Хореография войны
На Малой сцене Московского Художественного театра сыграли премьеру спектакля по роману Виктора Астафьева "Прокляты и убиты". Точнее, не по всему роману, а по первой его книге - "Чертова яма". С вкраплениями отдельных событий из второй книги - "Плацдарм". Таким образом, эпопея на 800 с лишним страниц уложилась в два часа сценического времени без антракта.
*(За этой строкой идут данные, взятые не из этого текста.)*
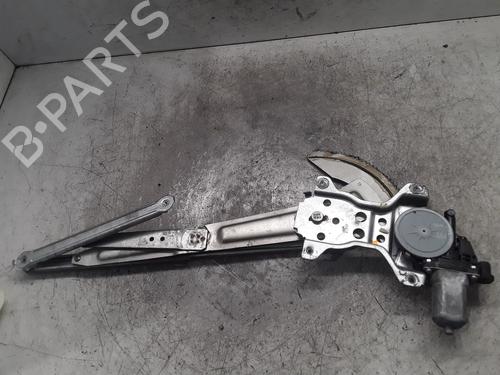 Used Front right window mechanism SUZUKI SPLASH (EX) 1.0 (A5B310) (65 hp) 30012926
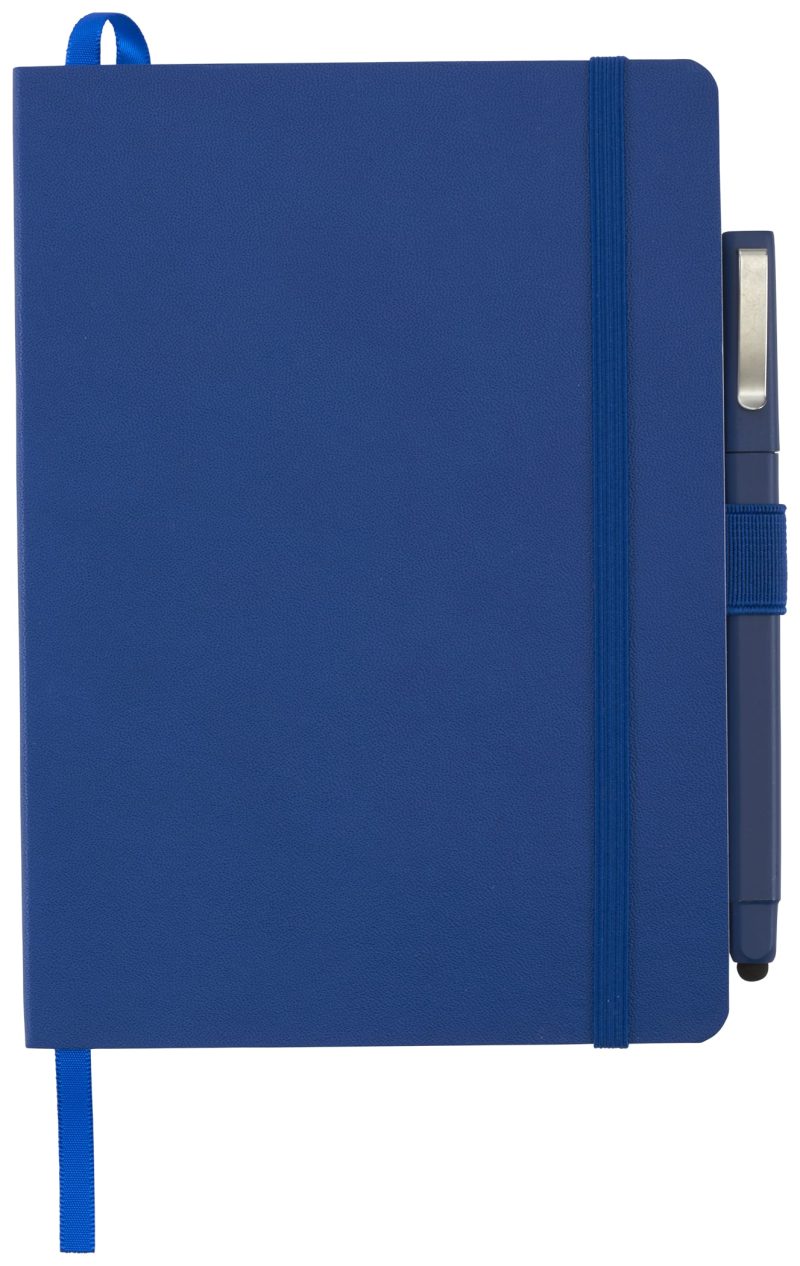 Custom 5'' x 7'' Firenze Soft Bound Journal Bundle Set - 8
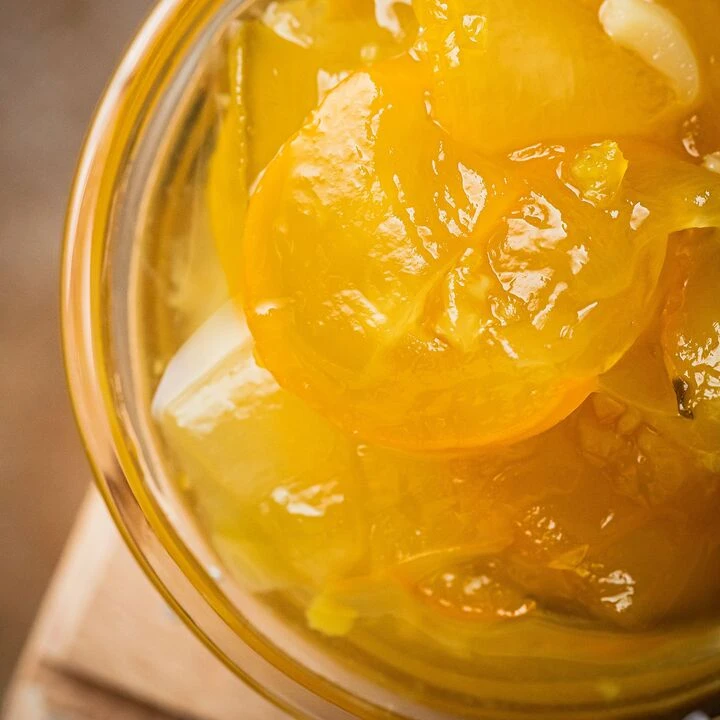 Варення кабачкове Полісянка 314мл - 100shop - 4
"Прокляты и убиты" были закончены Астафьевым в 1994 году. Эта дата дает основания думать, что чувство мутноты, вроде бы доставшее писателя из военного прошлого, на самом деле в значительной степени относилось к проистекавшему на его глазах настоящему. Ибо Овсянка Овсянкой, а пошлость нового времени и в сибирской деревне наверняка ощущалась. Возможно, Астафьев понял, что перемены, которых он ждал, уводят страну еще дальше от распятой крестьянской Руси (а вроде бы - куда дальше-то?!). И что человек трудовой, верующий, честный скоро будет втоптан в отечественную грязь не как опасный вражина, а просто как мусор на дороге. Слишком много в романе свежего разочарования, острой боли, живой обиды - не вчерашней, не позавчерашней, сиюминутной.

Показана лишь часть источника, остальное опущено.